Task → Exactly as written, retype the lines that run from the line holding "816 Antigua, Las Vegas, NV 89145" through the end of the records below. Do not include pictures.

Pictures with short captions
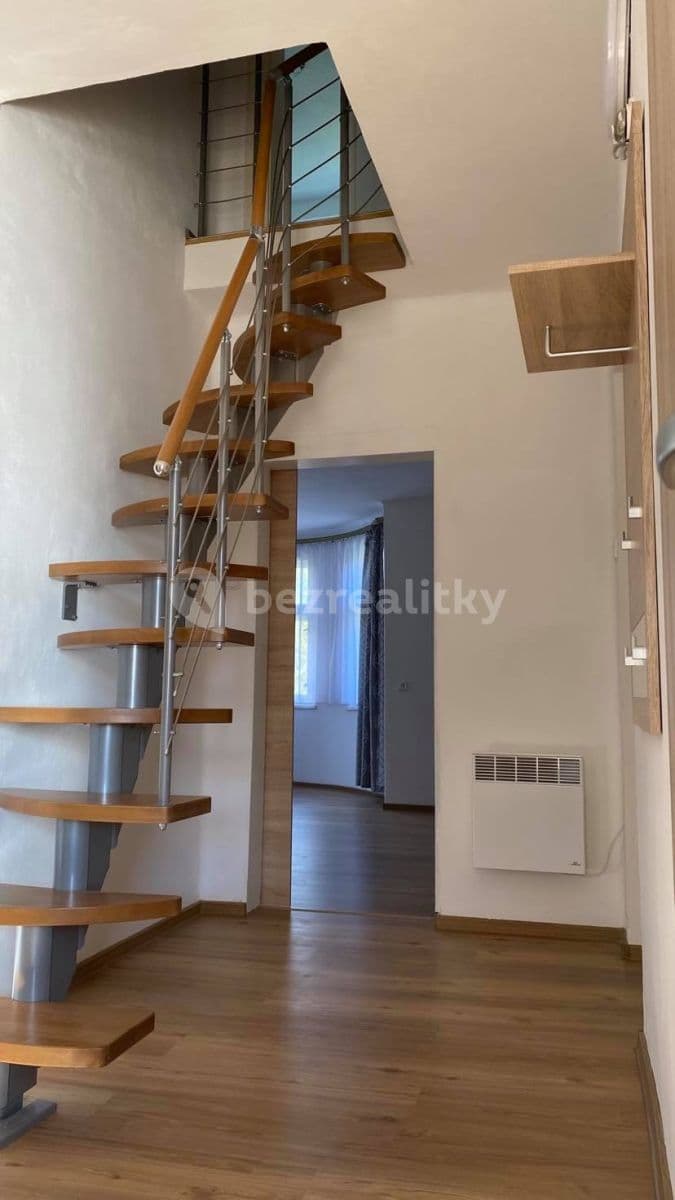 3 bedroom flat to rent, 80 m², Na Výšinách, Děčín, Ústecký Region 3 bedroom flat to rent, 80 m², Na Výšinách, Děčín, Ústecký Region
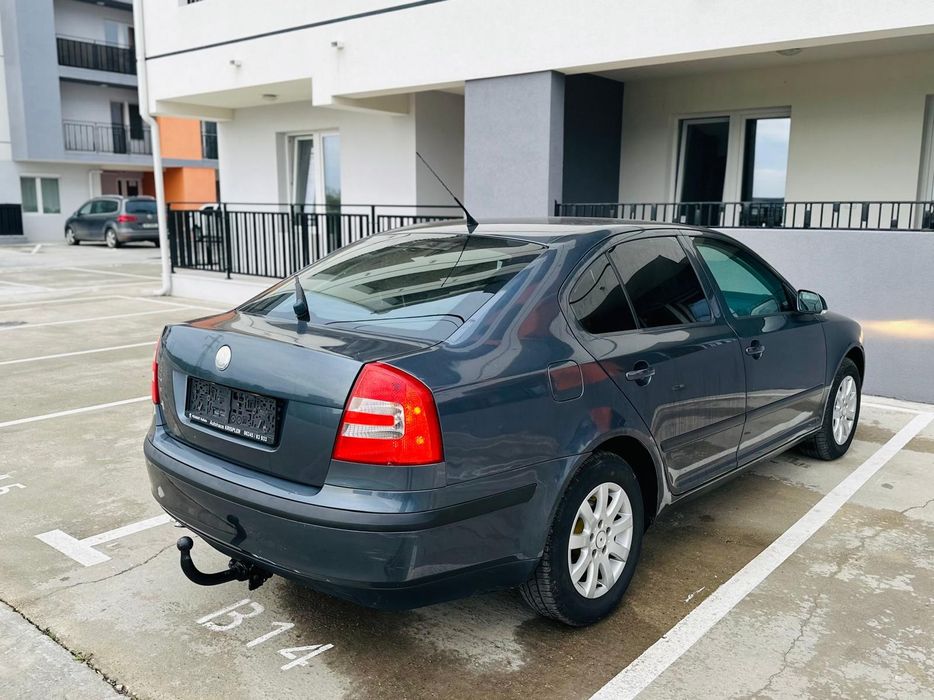 Skoda Octavia  2008 mot2.0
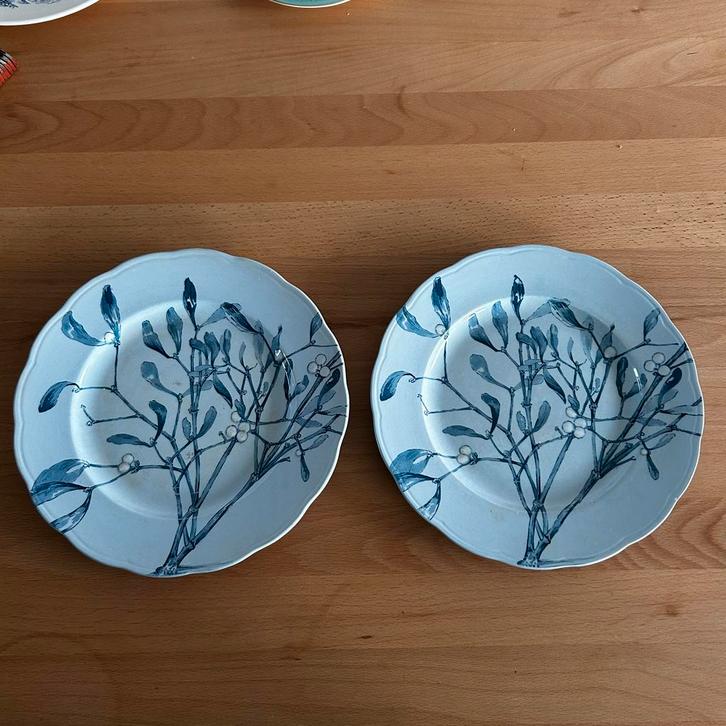 2x Sarreguemines Frans borden met Mistletoe Maretak blauw, Antiek en Kunst, Antiek | Servies los, Ophalen of Verzenden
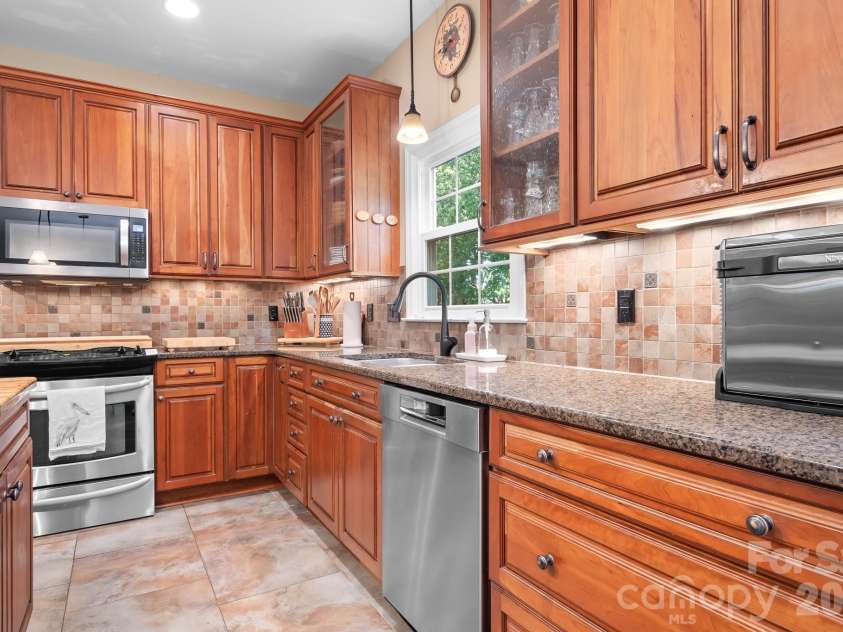20720 Willow Pond Road, Cornelius, NC 28031.  MLS# CAR4434374, YatesRealty ID 57566. 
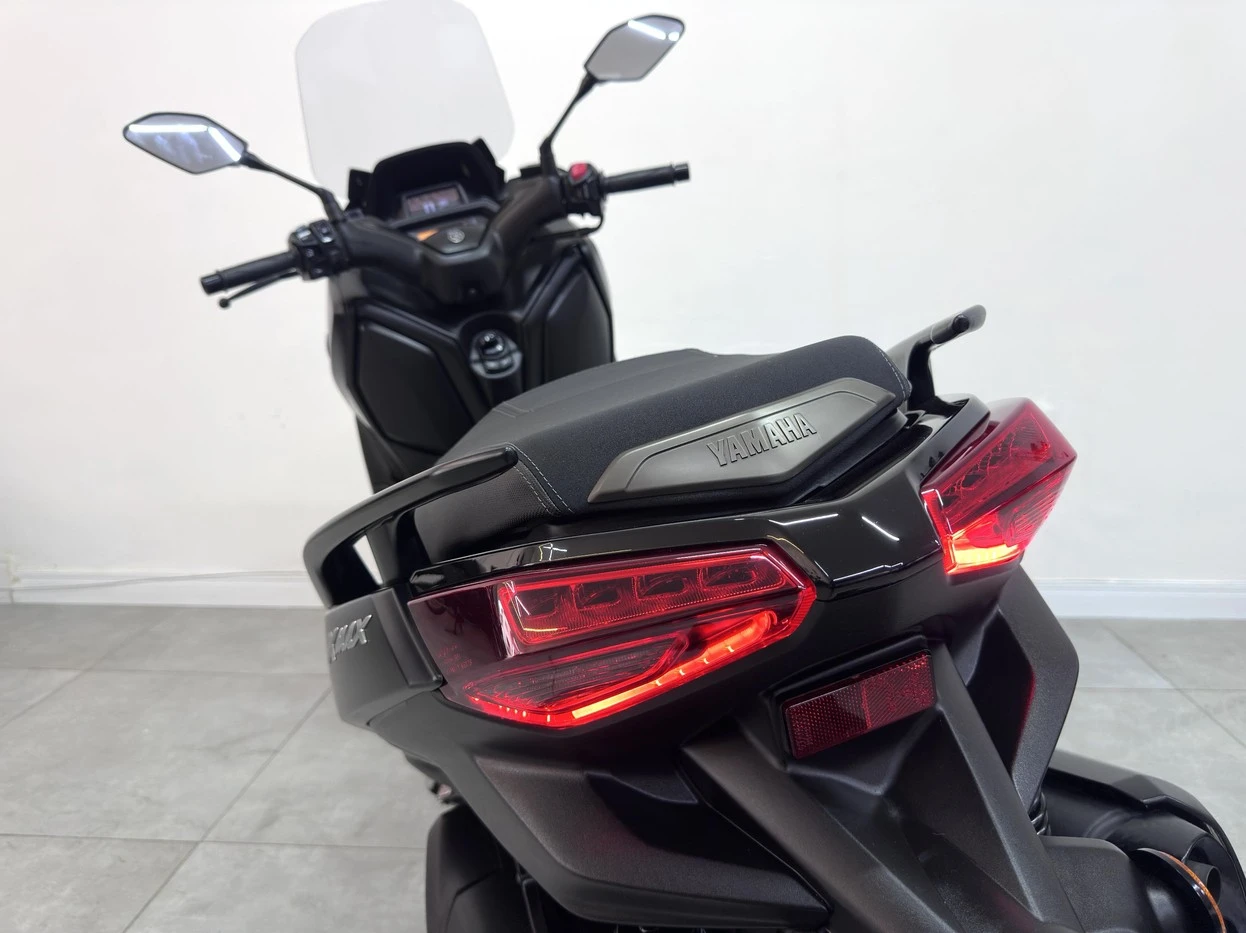YAMAHA XMAX 250 CONNECTED ABS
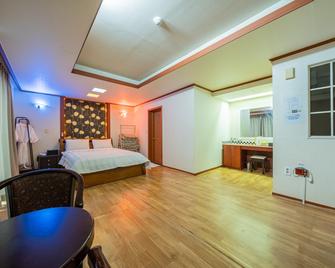 Sokcho Mirage - Sokcho - Bedroom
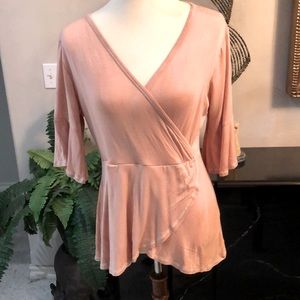 SZ L. HI LO TOP SPLIT FRONT NEW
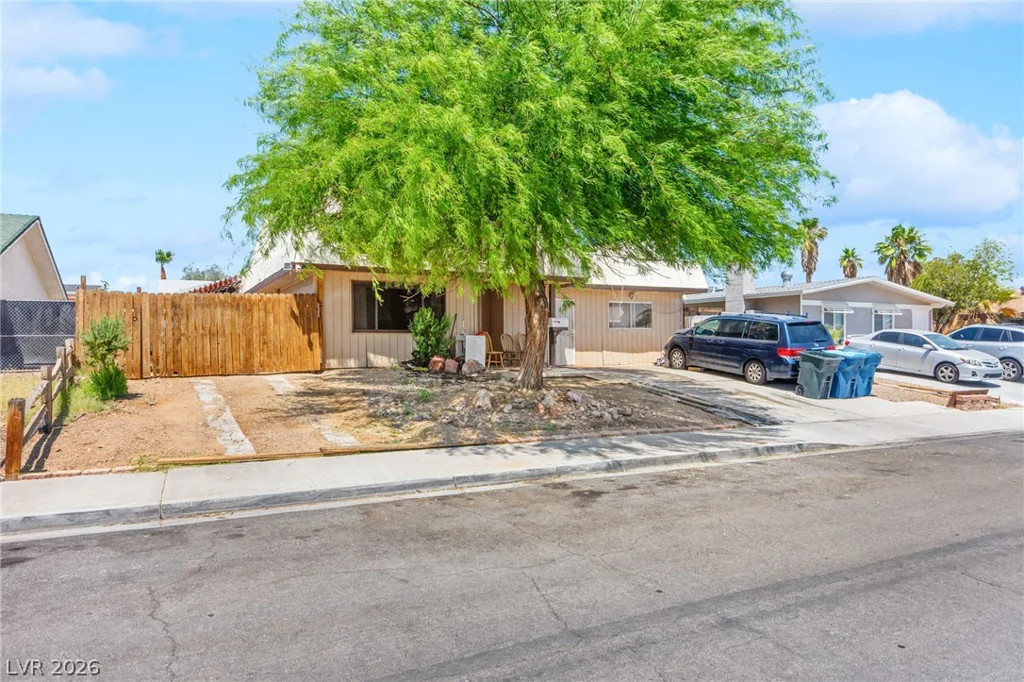 816 Antigua, Las Vegas, NV 89145
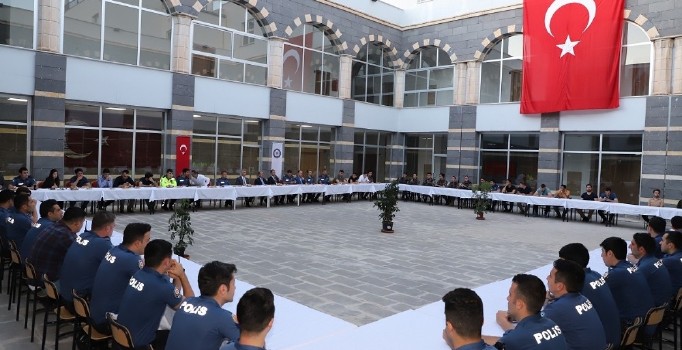 Vali Aktaş, emniyet teşkilatı mensuplarıyla iftarda buluştu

Task answer →
 816 Antigua, Las Vegas, NV 89145
 Vali Aktaş, emniyet teşkilatı mensuplarıyla iftarda buluştu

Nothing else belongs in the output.